Two weeks ago, we ran a letter from Christopher Ross bemoaning the cancellation of the NC Pride parade, which was scheduled for Yom Kippur and thus would exclude the observant Jewish LGBTQ community. “Sadly,” he wrote, “when Pride organizers caved in to the demands of unnamed ‘observant Jews,’ they set a very dangerous precedent.”

Renee Rauch responds: “As a Jewish person who spoke with the Pride committee when it became apparent that Yom Kippur fell on the same date as the Pride parade, I did not and do not know any other Jewish person who did want or insist or ask that the parade be canceled. Many of us voiced our disappointment at not being able to participate, as the Jewish community as a whole is greatly supportive of the LGBTQ community and certainly wished that the dates did not intersect. But after voicing disappointment that many of us would not being able to attend, I and many others in no way wanted or expected the parade to be canceled. On the contrary, many us noted that we would all be back with support and love next year. We were not eager to demand special treatment. I wonder who the writer listened to or spoke to that he/she came to that conclusion. Could this be based on underlying prejudice of the ‘other’?”

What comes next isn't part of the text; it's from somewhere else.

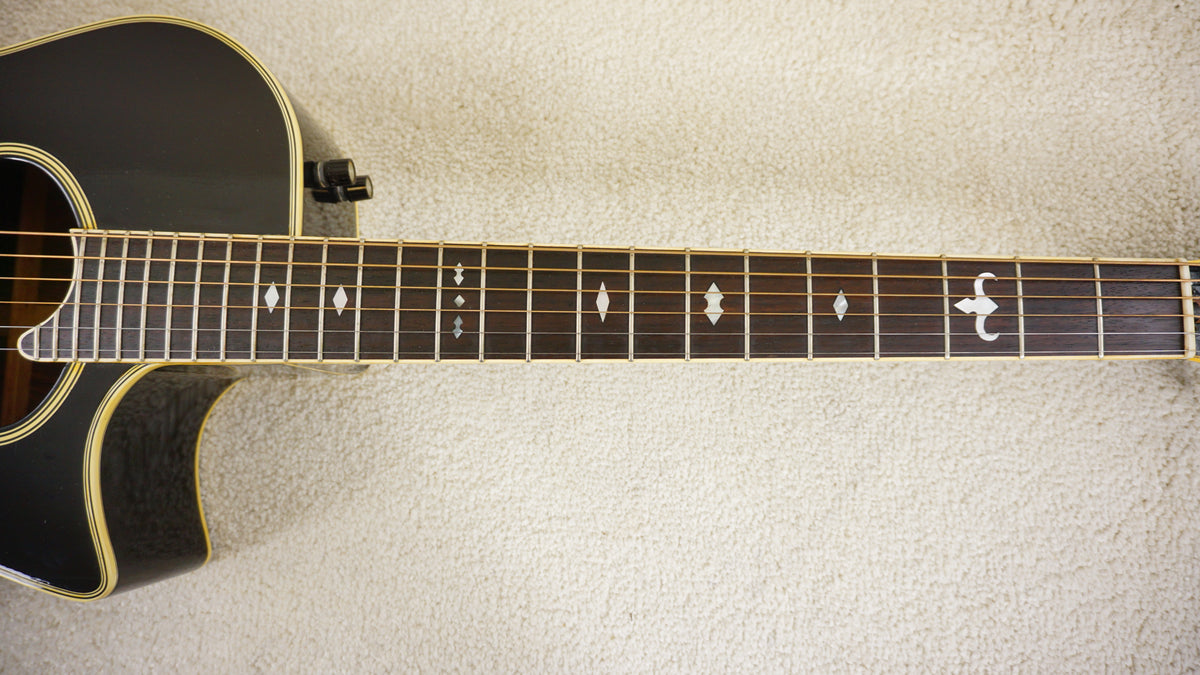 Tokai TEA-80D Florentine Cutaway 1989 Gloss Black Acoustic Electric Guitar Japan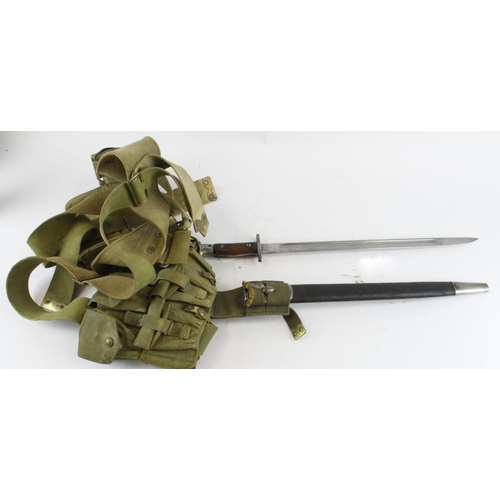 67 - ME Co Webbing set with a P'07 Bayonet and Frog, and ammunition pouches, plus belt. Belt marked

In last week’s paper, we ran a story about the Durham County Commission trying to assess the value of the Confederate monument that protesters tore down in August. On Facebook, Ayo Wilson writes, “All the Confederate monuments nationwide aren’t worth an ounce of rat shit. If you support those monuments to bullshit, you’re a white supremacist and you need to stay your hate-filled, racist ass away from me.”

Jimmy Cox adds: “Plenty of deserving soldiers who fought and died for the U.S. should be memorialized with monuments. Not one Confederate who fought against our country. There’s not a lot of Nazi statues in Berlin.”

Alex Bird points to the council’s findings—that the statue, including the still-standing base, was worth about $71,000— and writes: “Didn’t you guys just report a month ago that these statues were mass-produced and cheap. Fake news; $100,000 doesn’t sound cheap to me. Sounds like a couple felonies.”

“In its current state,” writes Heath Satow, “the statue has far greater historical significance now than before it was pulled down. The city may owe the people who pulled it down money.”

Finally, Harold A. Plein offers a helpful suggestion: “Melt it down and recast it into bronze urinals.”

Moving on. We had plenty of reaction to our coverage of local elections last week, especially in Raleigh, which, with the retirement of Mary-Ann Baldwin and the defeat of Bonner Gaylord, voted in a new, neighborhood-friendly city council.

Meredith de la Vergne takes issue with our characterization of the new council as NIMBYs: “Just because one of our two newly elected council members is pro-neighborhood and natural resources, it does not qualify her to be labeled a NIMBY, which is a pejorative term from the eighties relating to the siting of hazardous waste facilities. How great it is to have more neighborhood advocates on the council!”

FONCitizen, meanwhile, has doubts that new at-large member Nicole Stewart will in fact be a neighborhood advocate: “Nicole Stewart was endorsed by Mary-Ann Baldwin, her campaign manager is Nancy McFarlane’s daughter, and she was supported in her campaign by Nancy McFarlane. I will believe Nicole Stewart is a neighborhood advocate when she proves it.

“Mary-Ann and Nancy are both very developer friendly and neither one can claim to be neighborhood advocates. So, I am wary of their preferred candidate. Nicole Stewart has an admirable record on environmental stewardship. I commend her on that record and welcome her in bringing that expertise to the council.”